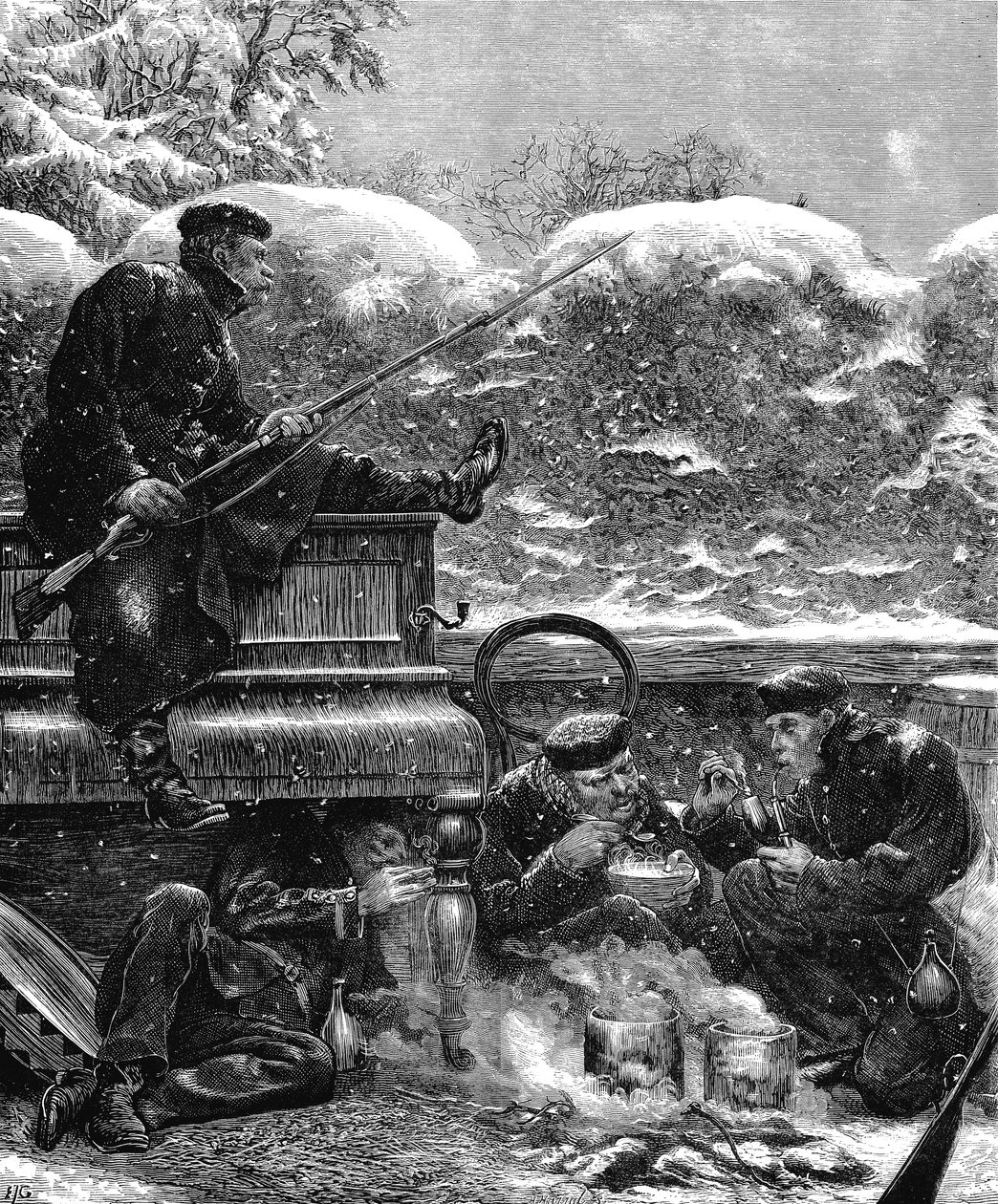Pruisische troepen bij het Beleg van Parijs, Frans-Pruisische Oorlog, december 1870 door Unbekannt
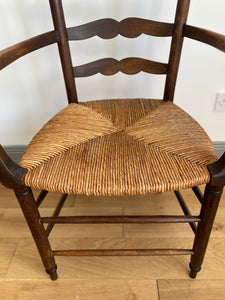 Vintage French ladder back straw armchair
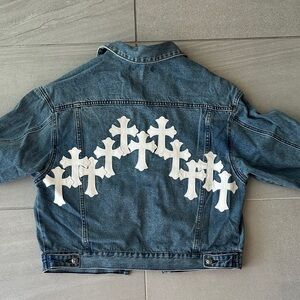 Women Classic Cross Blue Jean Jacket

TASK OBJECTIVE
Reproduce the listing exactly. Do not include its images.

SOLUTION BELOW
Pruisische troepen bij het Beleg van Parijs, Frans-Pruisische Oorlog, december 1870 door Unbekannt
 Vintage French ladder back straw armchair
 Women Classic Cross Blue Jean Jacket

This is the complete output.